*** Opening of Given records ***

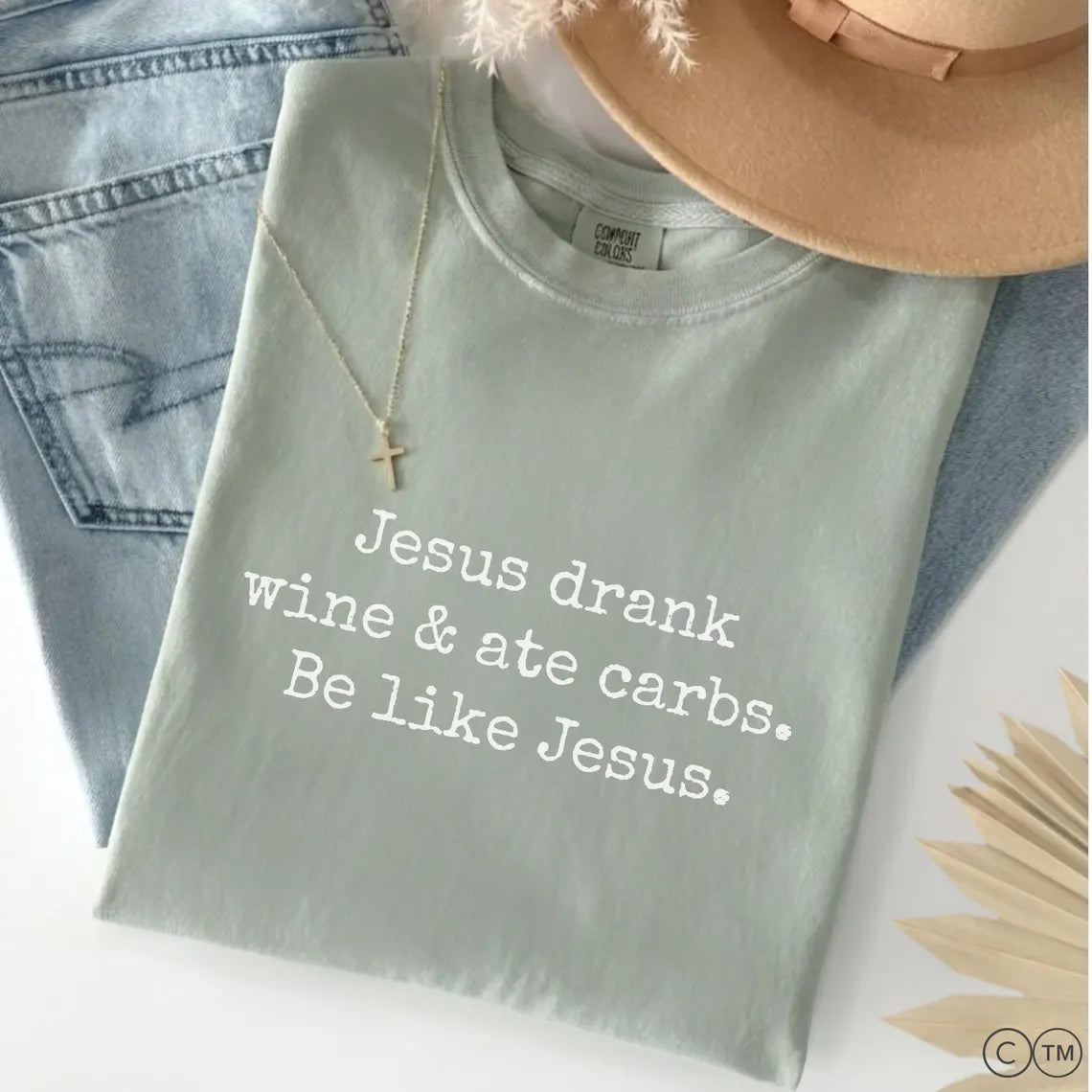 A light green t-shirt with white text that reads "Jesus drink wine & ate carbs. Be like Jesus."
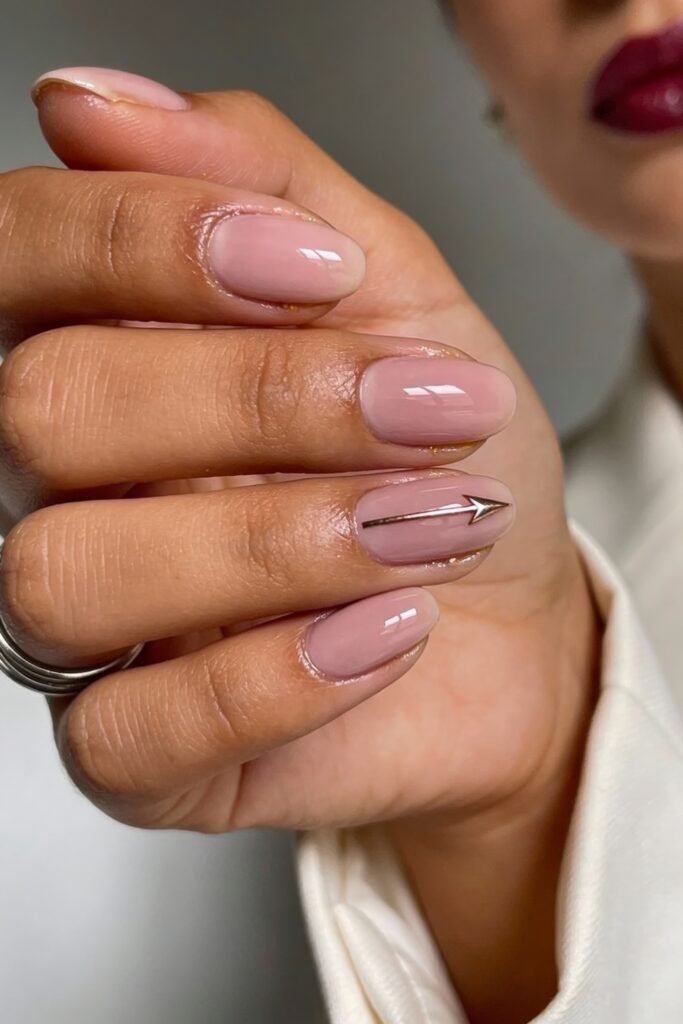 Pink Valentines Nails That Feel Chic, Glossy, and New 18 Neutral-toned glossy nails with a minimal metallic arrow design across the ring finger, giving a subtle Valentine's vibe.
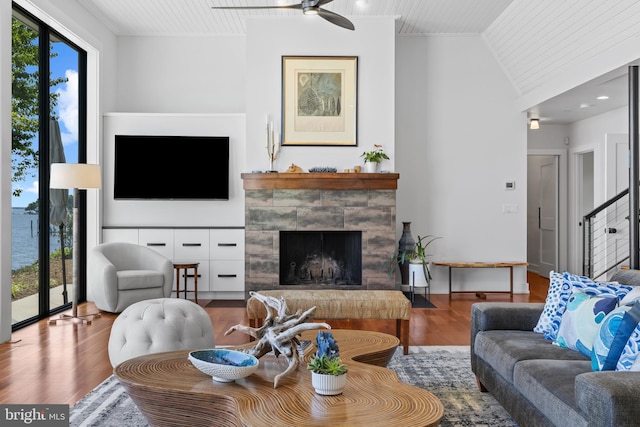 2514 Lyon Dr, Annapolis, MD 21403 - living room with wood finished floors, ceiling fan, and a fireplace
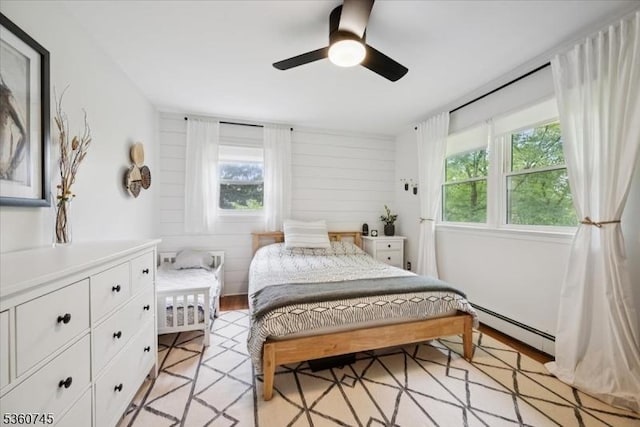 42 Wildwood Ter, Watchung Boro, NJ 07069 - bedroom featuring a baseboard heating unit and a ceiling fan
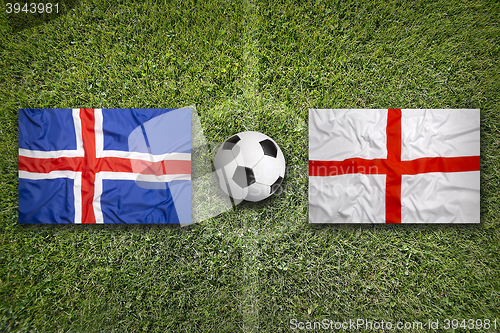 Image of Iceland vs. England flags on soccer field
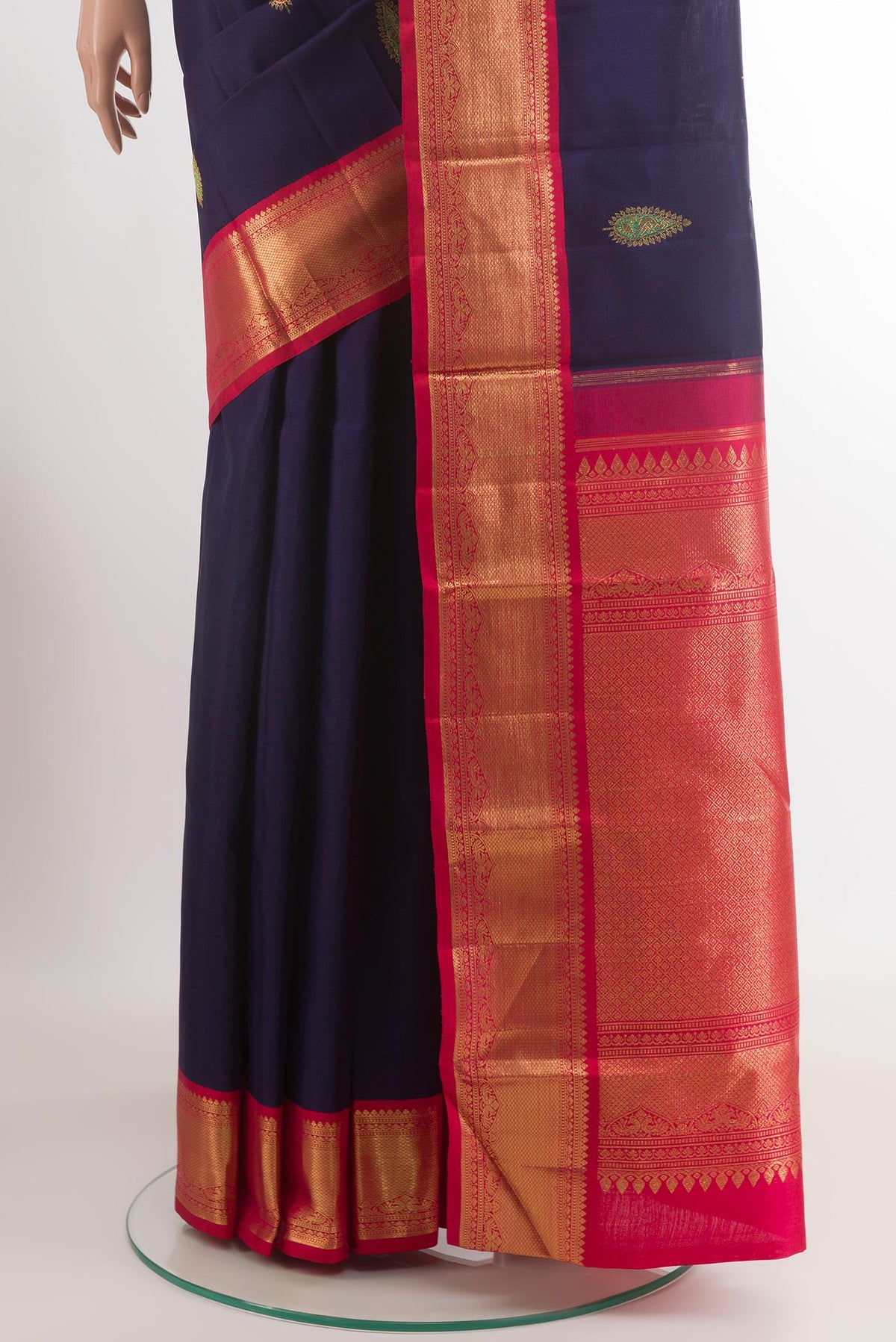 Pleats and pallu of Blue Kanjivaram Silk Saree with Zari Butta on the body and Zari Border.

*** Close of Given records ***

**Assignment:**
Starting at the line that contains "Image of Iceland", return every line through the end of the records above exactly as written, and return no pictures.

**Finished exercise:**
 Image of Iceland vs. England flags on soccer field
 Pleats and pallu of Blue Kanjivaram Silk Saree with Zari Butta on the body and Zari Border.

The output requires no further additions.